#### [TRY IT]
All that is wanted is the exact text of the lines below from the one with "I'm sure you've" through the one with "Tap the transaction", inclusive, minus any pictures.

---

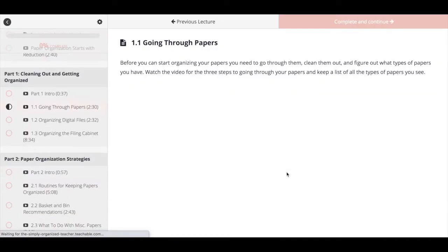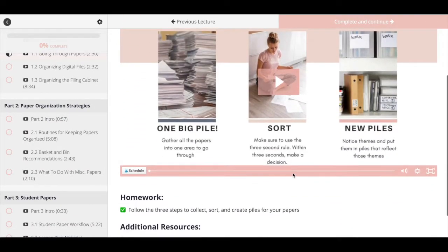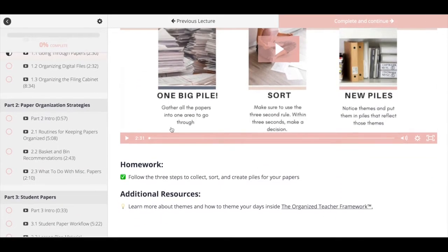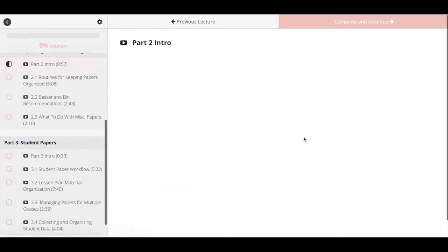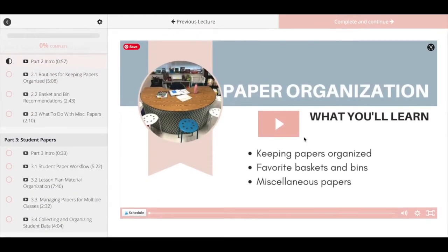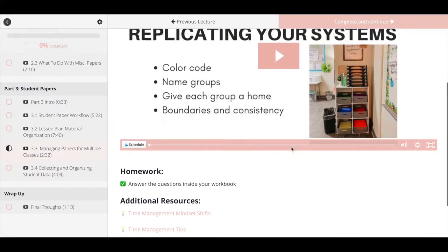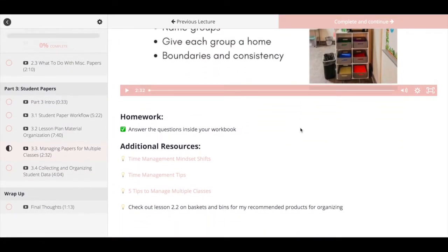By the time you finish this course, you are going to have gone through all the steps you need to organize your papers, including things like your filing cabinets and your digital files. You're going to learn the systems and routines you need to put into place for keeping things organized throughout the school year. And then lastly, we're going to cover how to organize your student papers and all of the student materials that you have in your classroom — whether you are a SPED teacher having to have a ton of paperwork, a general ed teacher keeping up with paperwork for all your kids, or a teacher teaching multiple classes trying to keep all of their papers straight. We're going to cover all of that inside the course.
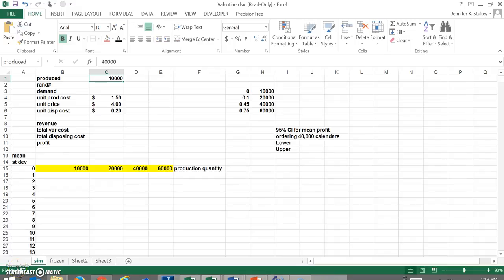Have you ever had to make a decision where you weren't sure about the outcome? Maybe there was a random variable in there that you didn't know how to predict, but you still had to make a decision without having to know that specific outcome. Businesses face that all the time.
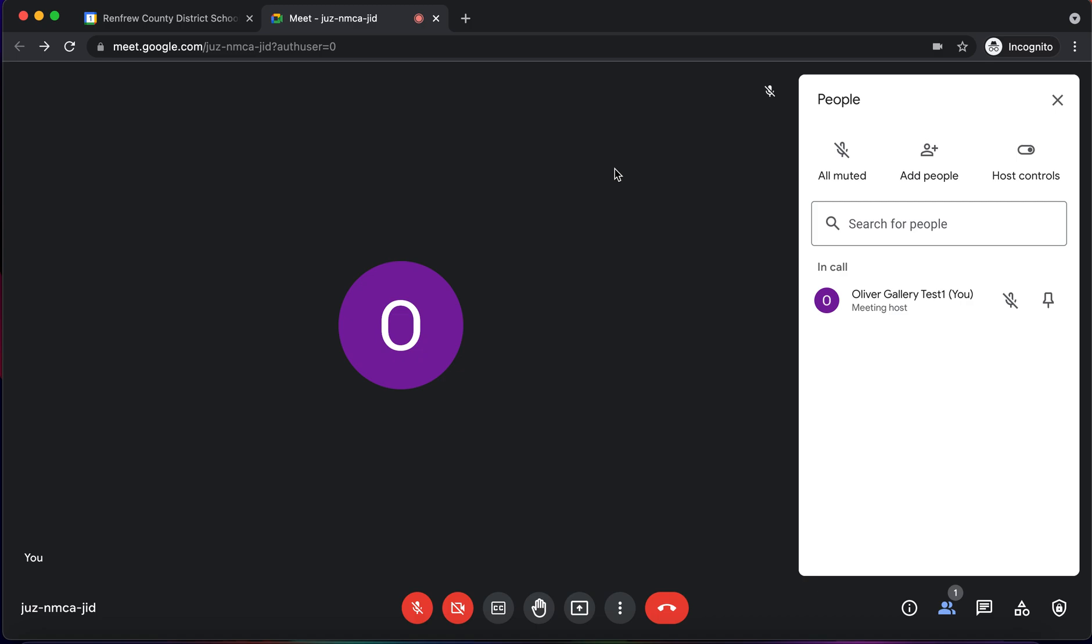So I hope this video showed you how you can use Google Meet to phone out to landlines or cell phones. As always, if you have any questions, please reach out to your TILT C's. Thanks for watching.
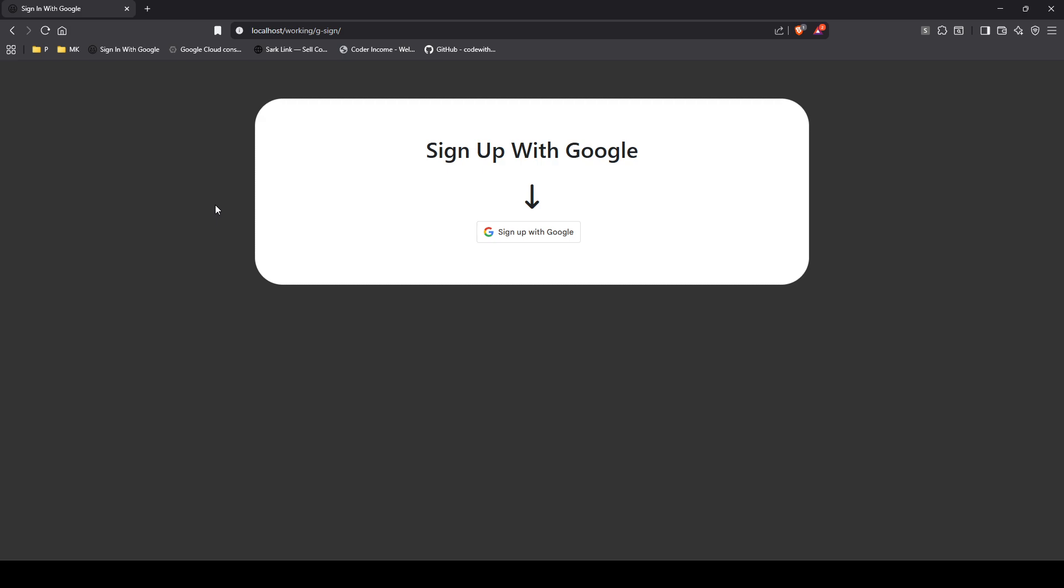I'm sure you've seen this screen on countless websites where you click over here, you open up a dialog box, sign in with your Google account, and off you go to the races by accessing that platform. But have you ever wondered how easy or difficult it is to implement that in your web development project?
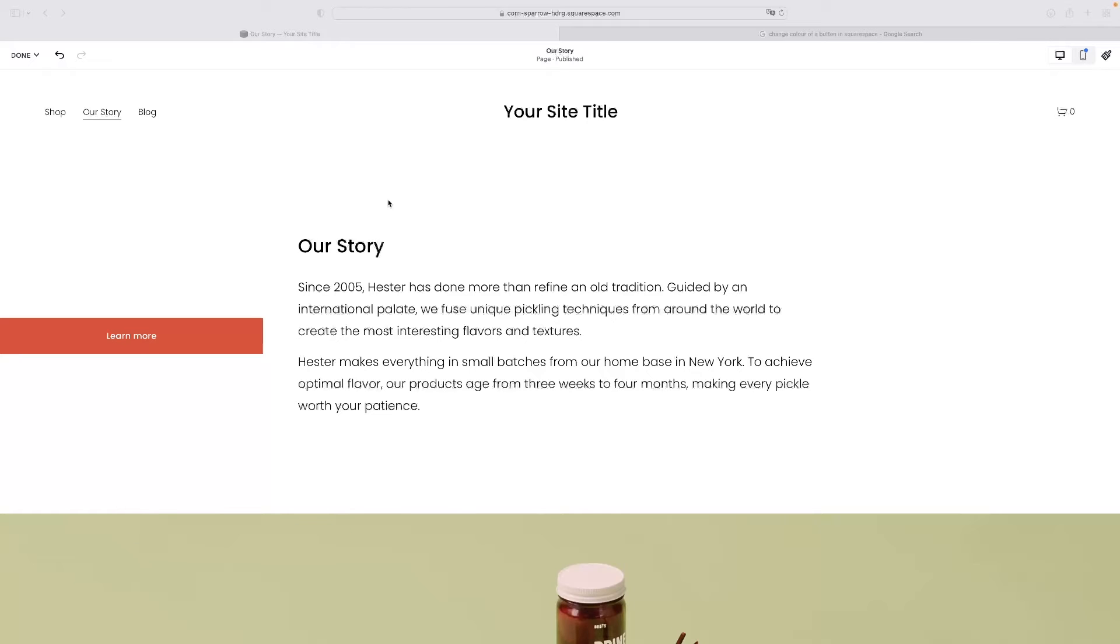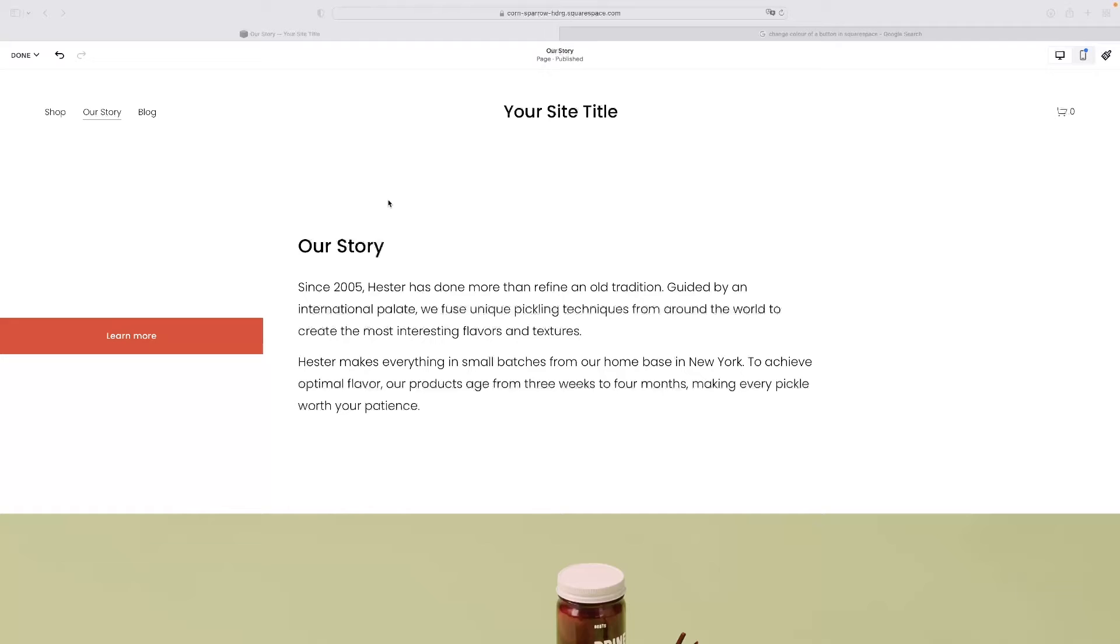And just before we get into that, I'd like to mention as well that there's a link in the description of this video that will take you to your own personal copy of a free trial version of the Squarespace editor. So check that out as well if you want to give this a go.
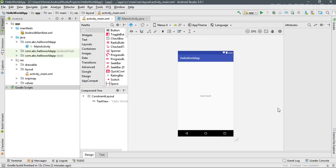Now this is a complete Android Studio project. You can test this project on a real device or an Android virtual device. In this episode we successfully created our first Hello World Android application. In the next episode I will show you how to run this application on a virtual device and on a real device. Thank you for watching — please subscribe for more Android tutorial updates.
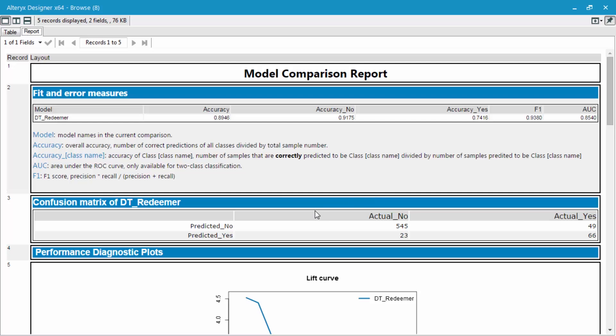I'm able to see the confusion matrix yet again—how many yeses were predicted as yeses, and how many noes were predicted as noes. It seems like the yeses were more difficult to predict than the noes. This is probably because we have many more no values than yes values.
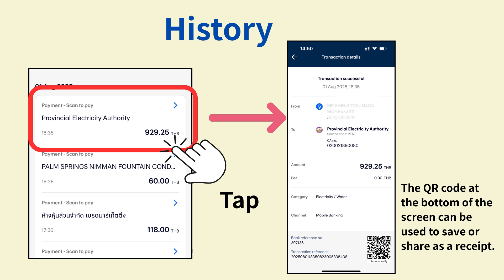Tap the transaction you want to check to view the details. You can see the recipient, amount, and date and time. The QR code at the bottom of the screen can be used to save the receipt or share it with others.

---

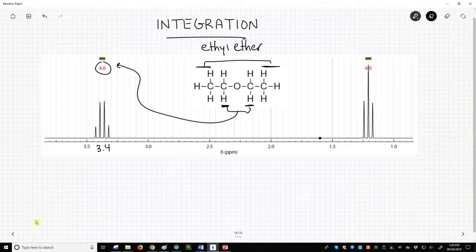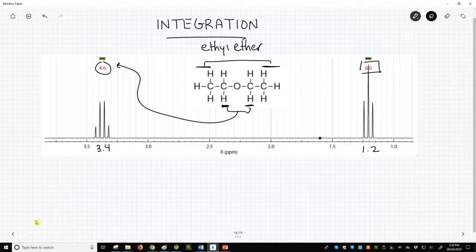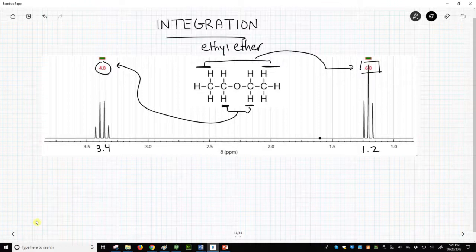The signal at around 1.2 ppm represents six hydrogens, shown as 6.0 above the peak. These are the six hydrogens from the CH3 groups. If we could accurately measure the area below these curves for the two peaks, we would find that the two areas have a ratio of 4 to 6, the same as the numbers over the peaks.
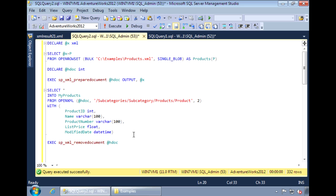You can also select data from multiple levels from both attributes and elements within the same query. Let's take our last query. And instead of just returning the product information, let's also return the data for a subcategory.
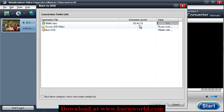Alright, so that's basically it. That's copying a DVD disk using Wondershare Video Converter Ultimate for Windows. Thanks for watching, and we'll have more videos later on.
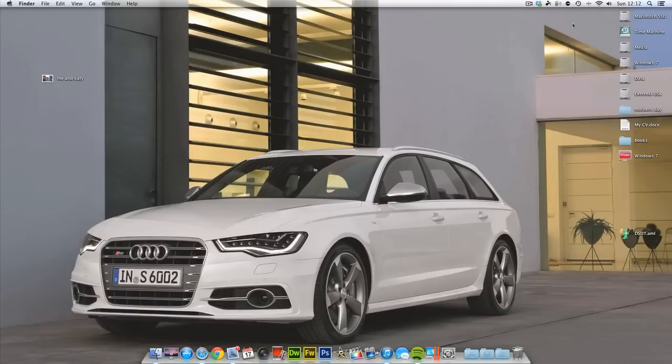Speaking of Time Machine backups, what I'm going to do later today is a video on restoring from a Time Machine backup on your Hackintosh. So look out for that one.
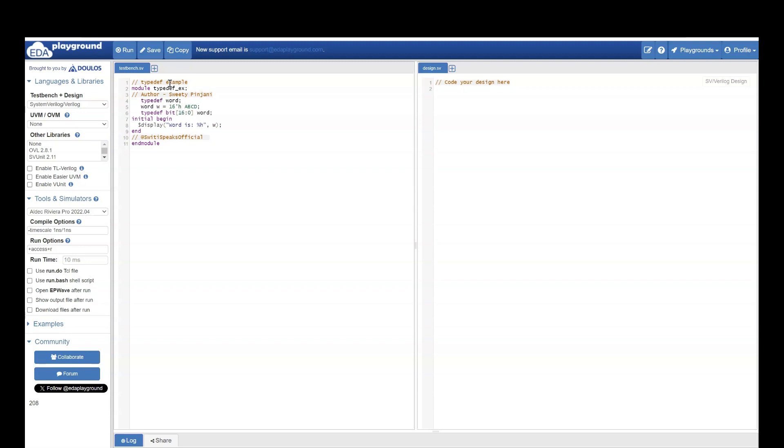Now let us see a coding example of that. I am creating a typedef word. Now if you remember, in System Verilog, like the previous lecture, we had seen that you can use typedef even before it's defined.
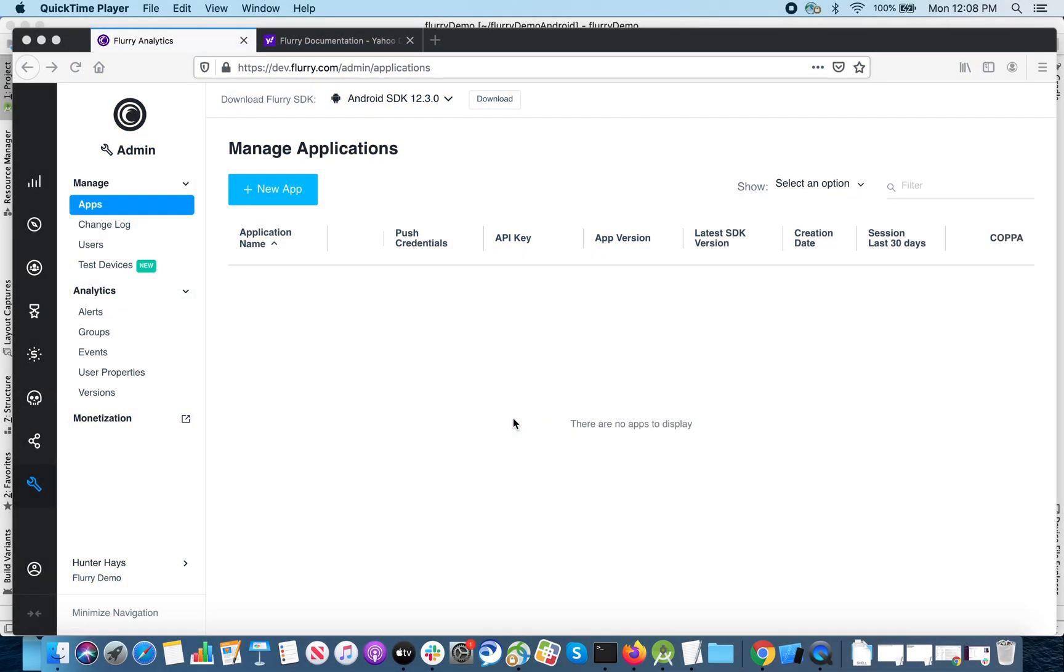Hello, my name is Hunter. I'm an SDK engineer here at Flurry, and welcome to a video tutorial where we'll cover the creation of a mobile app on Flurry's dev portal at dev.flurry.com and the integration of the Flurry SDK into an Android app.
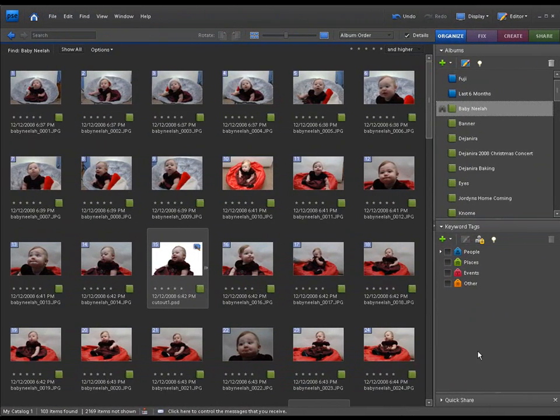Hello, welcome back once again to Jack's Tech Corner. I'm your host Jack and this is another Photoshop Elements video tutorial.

---

#### [YOUR SOLUTION]
I'm sure you've seen this screen on countless websites where you click over here, you open up a dialog box, sign in with your Google account, and off you go to the races by accessing that platform. But have you ever wondered how easy or difficult it is to implement that in your web development project?
And just before we get into that, I'd like to mention as well that there's a link in the description of this video that will take you to your own personal copy of a free trial version of the Squarespace editor. So check that out as well if you want to give this a go.
Now this is a complete Android Studio project. You can test this project on a real device or an Android virtual device. In this episode we successfully created our first Hello World Android application. In the next episode I will show you how to run this application on a virtual device and on a real device. Thank you for watching — please subscribe for more Android tutorial updates.
I'm able to see the confusion matrix yet again—how many yeses were predicted as yeses, and how many noes were predicted as noes. It seems like the yeses were more difficult to predict than the noes. This is probably because we have many more no values than yes values.
Tap the transaction you want to check to view the details. You can see the recipient, amount, and date and time. The QR code at the bottom of the screen can be used to save the receipt or share it with others.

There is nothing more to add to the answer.